Data mining has been in the news a lot lately, usually in connection with something bad. This is causing people to wonder what is data mining?
Data Mining Definition
Data mining is the process of finding anomalies, patterns, and correlations within large amounts of data to predict outcomes. This type of information can help businesses increase revenue, cut costs, improve customers’ happiness, and more.
How data mining is created is from three scientific disciplines. There’s statistics, the study of numbers and data. Then there is artificial intelligence, which is human-like intelligence shown by software or machines. Finally, there’s machine learning, which are algorithms that learn from data to make predictions.
The info it finds can be your age, where you live, your gender, what you like to read or watch, what you like to buy, what websites you’ve been to, and other personal details.
This is why Facebook has been in trouble recently. Consultants working on Donald Trump’s campaign exploited the personal data of millions of Facebook users.
Data Mining Techniques
There are a few basic techniques that are used with collecting data. Depending on the company, there may be a different technique involved. After all, not every company’s goal is the same.
This is probably the better known and most straightforward technique. You make a connection between two or more items and look for patterns.
An example would be knowing that a customer always buys milk with their cookies. This would suggest that they will want cookies the next time they buy milk.
You use this technique to build up a type of customer, item, or object by using various descriptions to create a specific class.
For example, gathering info for a group of females in between their 20s and 30s that like to buy a lot of clothes.
By looking at one or more classes, you can group together pieces of data to form a structure opinion. It’s used to identify a cluster of similar results.
It’s to see where similarities and ranges intersect.
A recent study of four-digit PIN numbers found clusters between the digits in the ranges of one through twelve and one through thirty-one for the first and second pairs. This allowed the people doing the study to see how the numbers can relate to dates like birthdays and anniversaries.
This is a wide topic focusing on predicting the failure of machinery or their components, identifying fraud, and the prediction of company profits. This can be used with other data mining techniques.
Prediction is a mix of analyzing trends, classification, patterning matching and relation. By using these tools, you can make a prediction about an event.
This is how credit card companies can look for fraud. If you have an established purchasing history and then all of the sudden you are spending a lot of money in an area you never did before, the credit card company knows to call you. Then depending on whether you made the purchase or not, they can cancel your card.
This technique is usually used with long term data. It’s a method for identifying trends. Online shops use this method sometimes to suggest other items to purchase. If they notice that you’ve been buying a specific brand for a while, they will use that to try and make more money by suggesting other pieces from that brand.
This is related closely to classification and prediction. Decision trees can be used as a part of a selection criteria or to support the use and selection of specific data within the overall structure.
You start with a question and then follow all the paths that the answers create.

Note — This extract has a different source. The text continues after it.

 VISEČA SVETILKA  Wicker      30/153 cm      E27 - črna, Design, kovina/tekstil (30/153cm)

This goes on and on until a prediction can be made.
Who is Using Data Mining?
Retailers, banks, manufacturers, telecommunication providers, insurers, and more are using data mining for their own individual gain.

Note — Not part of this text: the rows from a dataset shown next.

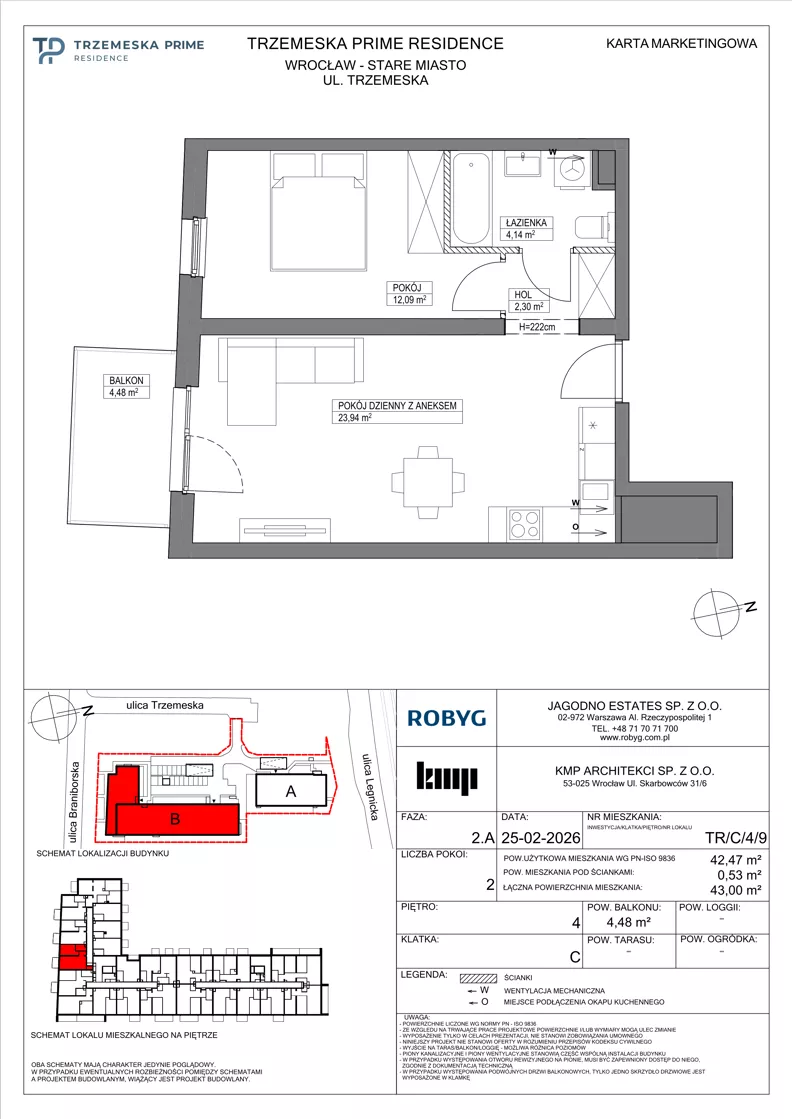 2 pokoje, mieszkanie 42,47 m², piętro 4, oferta nr TR/C/4/9, Trzemeska Prime Residence, Wrocław, Stare Miasto, ul. Trzemeska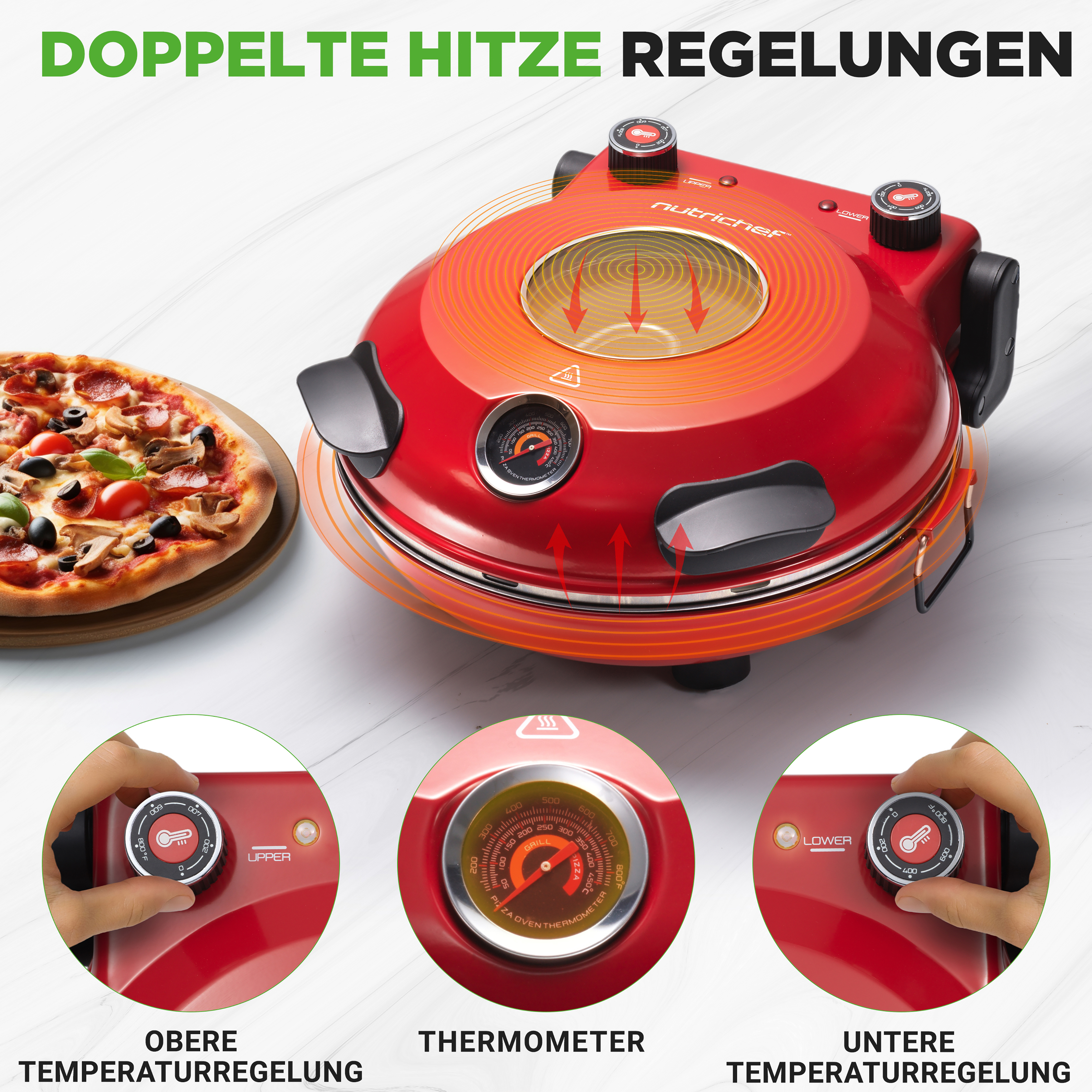 Ein roter Pizzaofen mit Temperaturreglern und Thermometer.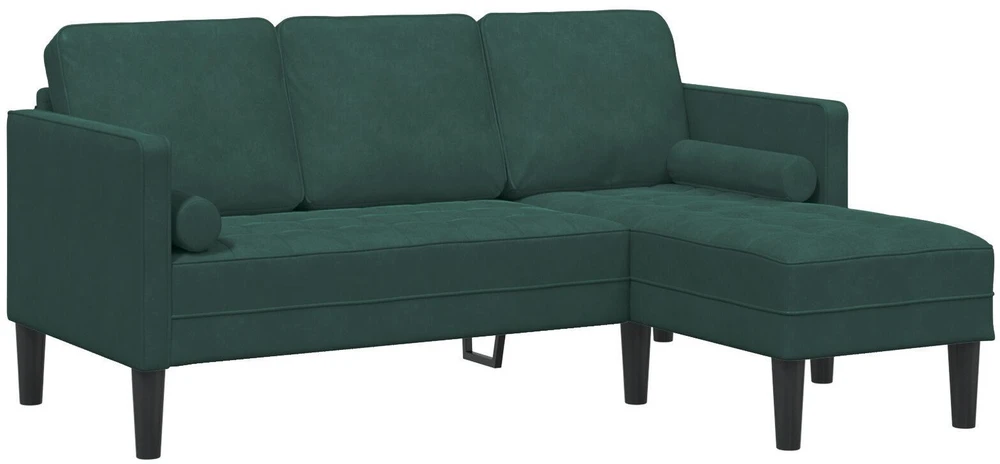 Sofa Sofos komplektas su pagalve Tamsiai žalia Poliesteris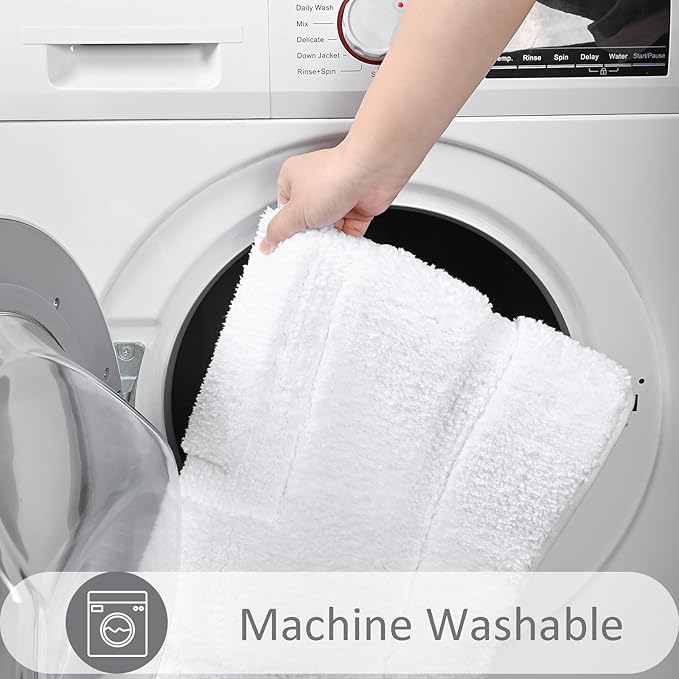 HOMORE Bathroom Rug 24x48 Inch Soft Absorbent Bathroom Runner Rug, Washable Bath Rugs Long Non Slip Bath Mat for Shower Tub,White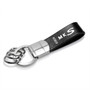 Lincoln MKS Black Leather Stripe Round Hook Metal Key Chain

Telecommunication and retailers are using it to see what customers have bought before so they can make custom ads, targeted campaigns, and predict future behavior of their customers.
Insurances use it to offer products more effectively and offer better competitive prices.
Manufacturers use it as an early detector of problems. They can predict wear on the stuff they make and guess when it will need to be fixed.
Banks use it to get a better view of market risks, detect fraud faster, and get the best return on their investments.
While It’s Complicated to Understand
Data mining can seem overwhelming to the general public, that’s because it is. But, the techniques and how they gain our data is something that we easily understand. They get it from our social media, reward cards, our browsing history.
Everywhere we go we leave a digital footprint.